Wyatt Russell is experiencing a career surge towards superstardom, thanks to his role as John Walker/USAgent in Marvel’s Thunderbolts*. Spending time in the MCU takes a toll on every actor. It dominates their time, so it’s good for us that this week sees Russell in a smaller, powerful drama, Broke, an excellent Western that could benefit from the actor’s rise in popularity. Hopefully, this means more people will seek out this impactful film that is both a story of redemption and a survival thriller set in the Montana world of bronco riding.
The feature debut of writer/director Carlyle Eubank (previously a writer on The Signal), Broke stars Russell as True Brandywine, a struggling bareback bronco rider in Montana. His love of the sport comes with a cost. His physical health is failing, the cost of getting knocked around night in and night out, and he copes by popping heavy doses of pills. True struggles to make emotional connections, and quietly simmers every time his father, George (Dennis Quaid), a farmer and former bronco rider himself, suggests he take on a more stable line of work. True has other skills at his disposal. He loves to draw, and has a real talent for it, something his mother (Mary McDonnell) used to nurture, but True sees it as a slightly embarrassing hobby because, y’know, it doesn’t exactly fit with the macho cowboy culture. Neither does his younger brother, Caleb (Johnny Berchtold), whose interests are more intellectual. Despite their differences, the film shows how close the two are and how much Caleb looks up to (and worries about) his big bro.
While Broke is about True’s journey to discovering who he really wants to be, you wouldn’t know it from the start. Instead, Eubank’s film begins with True, buried under snow and ice in the harsh Montana frontier. He’s in the middle of a vicious blizzard with no way to get around and no one to help him. How he ended up in this dangerous situation is something we will have to discover along the way as True’s story is recounted in flashback.
And those flashbacks show that True has never had it easy. Racked with pain, afraid of failing in his dream and disappointing his family, True is always beating himself up. The only time it stops is when he meets the beautiful nurse Ali (Auden Thornton), who encourages the best part of him. But Eubank knows that to fix all of True’s problems by giving him someone to love is way too easy.
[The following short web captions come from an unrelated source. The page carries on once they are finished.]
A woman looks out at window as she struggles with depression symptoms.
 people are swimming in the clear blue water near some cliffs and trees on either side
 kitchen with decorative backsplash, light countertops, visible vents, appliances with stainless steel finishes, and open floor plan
A near-fatal injury puts his career in jeopardy and that drives True towards an icy fate.
Russell has invested a lot of himself in Broke, taking on a producer role and committing to an authentic presentation of bronco riding. It’s the rare opportunity to see what he can do when given the ball and he runs with it, proving that he deserves more of the spotlight. It’s a committed performance, one that saw Russell atop real bucking horses and doing all of the lasso work himself. Westerns and horse riding run in Russell’s family. His father Kurt Russell and grandfather Bing Russell starred in many Westerns throughout their careers. And of course, Dennis Quaid is no stranger to the genre, either. It all helps to give Broke a more authentic feel.
As he does for the bulk of the film, Eubank doesn’t offer up any easy solutions for True. Even as Broke comes to a close, there’s the potential that True will overcome his ordeals to become a better man. Happiness isn’t served up to the audience easily, but the film leaves us with hope that True will find it.
Broke is available now on VOD via Sony Pictures.